Another school of China scholars in Asia puts a different slant on the likely impact of the rise of the Middle Kingdom. View the world from Beijing, they say, and China's great power neurosis becomes a lot easier to understand. Rather than fretting about China's potential strength, the outside world should perhaps be more concerned about its weaknesses, such as the growing divide between the rich coastal cities and the poor countryside, and the rickety state of its financial system. "Historically, China has not been a unified country all the time. It has had a history of integration and disintegration," says one senior Japanese diplomat. "It does not matter whether China is strong or weak so long as it is stable."

Chinese strategists already see themselves as surrounded by menacing US forces. Beijing also faces wrenching internal changes as it transforms a planned, and largely rural, economy into an industrialised market economy. At about $10,000bn, US GDP is currently 10 times that of China. Washington's military budget is at least six times Beijing's while the US holds a seemingly unassailable technological lead and is threatening to militarise space. Moreover, the US maintains 37,000 troops in South Korea and an additional 40,000 in Japan. How could China ever be a military threat to the world's only hyperpower?

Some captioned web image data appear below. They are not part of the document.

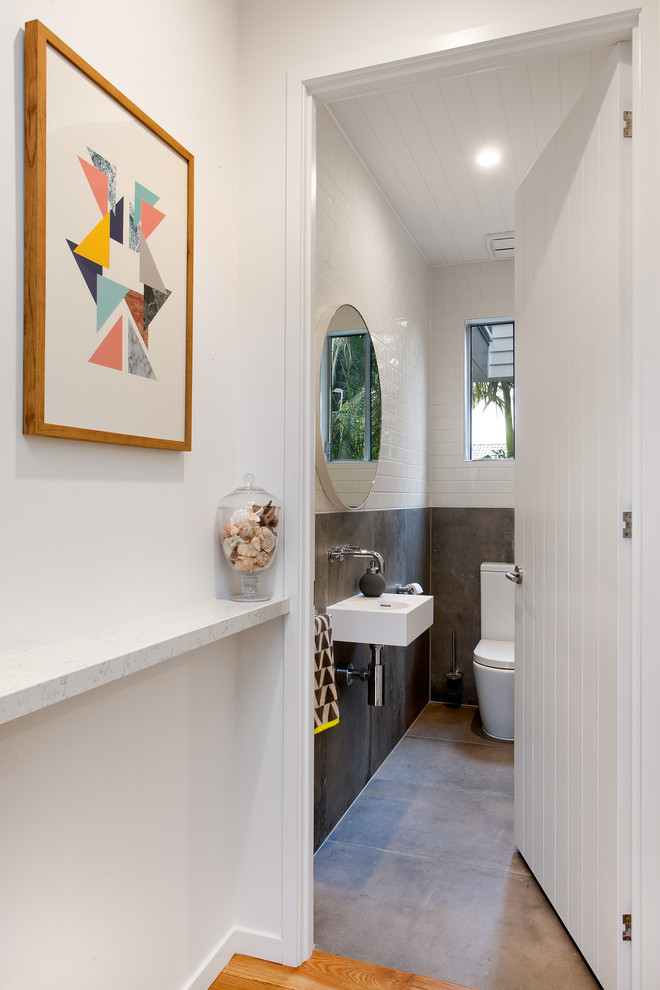 Design ideas for a contemporary cloakroom in Brisbane.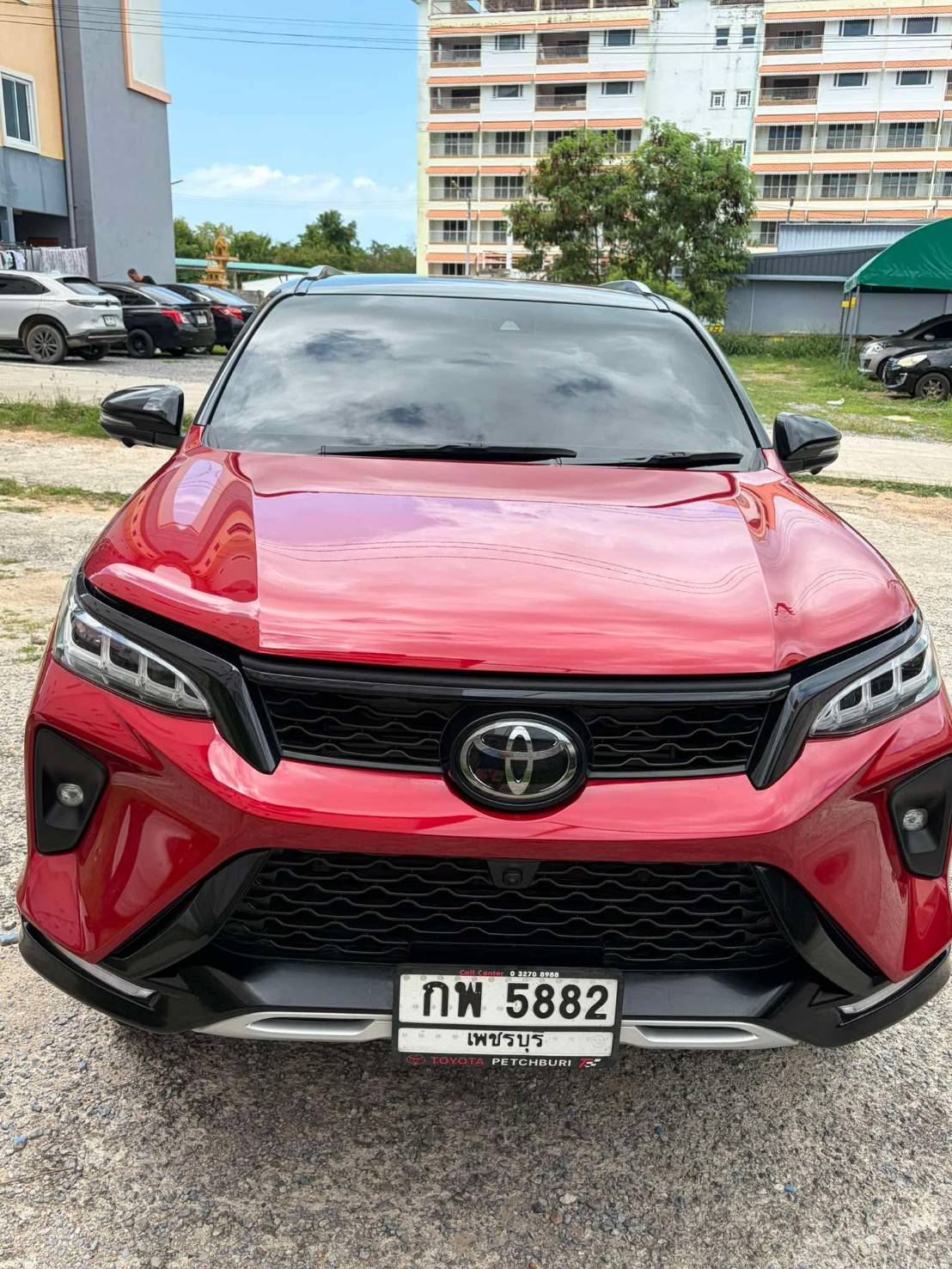 2023 Toyota Fortuner Legender 2.4 Diesel (2WD RWD) gallery 13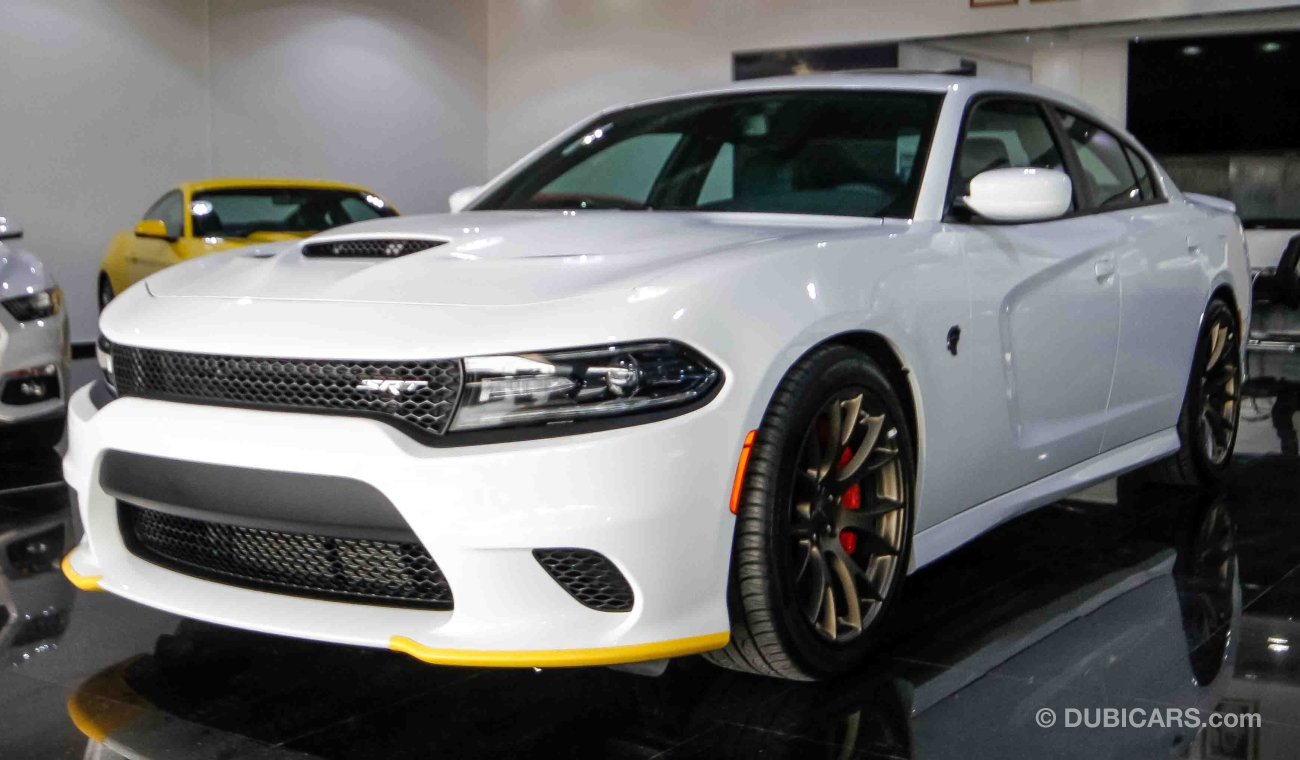 دودج تشارجر Hellcat  6.2L Supercharged HEMI V8 SRT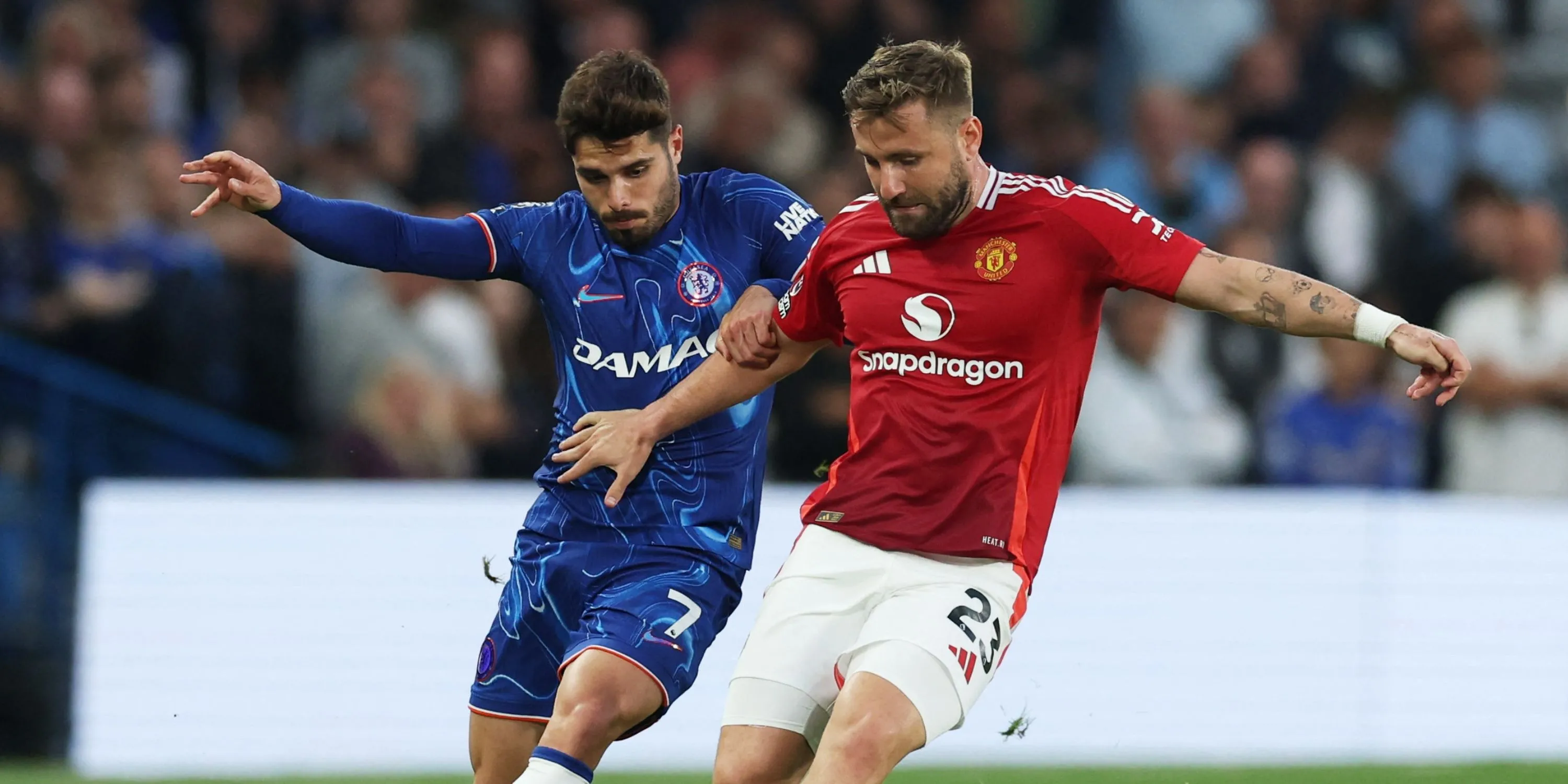Luke Shaw thi đấu dưới sức trong trận Manchester United thua Chelsea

Vasily Mikheev, director of Russia's Institute of the Far East, argues that China faces so many domestic challenges that the attention of its political leadership will remain focused inward for the foreseeable future. In any event, its integration into the world economy is increasing its interdependence with other countries and transforming China into a more pluralistic and less militaristic society. "My thesis is that China is not aggressive. And it is more of a constructive factor in building the world community than a destructive factor," he says. "China does not like the US presence in the region but it will not fight it."

This view is echoed in Tokyo by a younger generation of analysts, who believe China's economic expansion could be the motor of growth for the whole region without disrupting political stability. China's neighbours can throw so many economic skeins over the Asian Gulliver that they will be able to constrain the waking giant.

Akio Takahara, politics professor at Tokyo's Rikkyo University, argues that strategic tensions in Asia can be managed so long as a sensible multilateral security structure is developed for the region. The Japanese public's concern about China "arises from a lack of confidence in the Japanese themselves", he says. "Once the economic situation improves in Japan then more people will feel comfortable with China. The objective fact is that Japan can benefit from a rising China. We live in an era of globalisation and China is being integrated into the regional and global economy. It is unthinkable that China will be as aggressive as Nazi Germany or imperialist Japan in the 1930s," he says.

But Mr Okazaki doubts the argument that economic integration alone will tame China. He remembers those analysts in the early 1900s who argued that Great Britain and Germany could never go to war because they were each other's biggest trading partners. The chief difference between then and now, though, is that the US is already engaged in the region. "The British, French and Russians could not cope with Germany in the first world war and had to ask the Americans to come in," he says. "But at least in east Asia, [US involvement] is a given condition."